*Requirement*: Could you transcribe exactly the lines from the one containing "Bellezza salute con" through the end of the listing below, both included, but none of the pictures?

*Given data*:
■ ■ ■
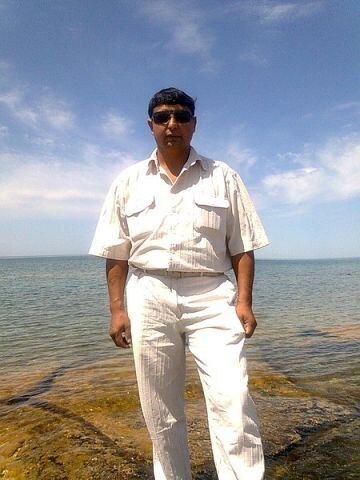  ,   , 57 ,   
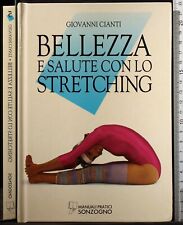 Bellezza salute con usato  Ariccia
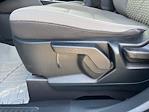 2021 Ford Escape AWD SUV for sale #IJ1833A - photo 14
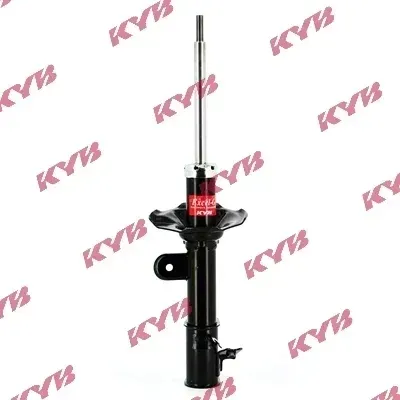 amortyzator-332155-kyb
■ ■ ■
*Response below*:
 Bellezza salute con usato  Ariccia
 2021 Ford Escape AWD SUV for sale #IJ1833A - photo 14
 amortyzator-332155-kyb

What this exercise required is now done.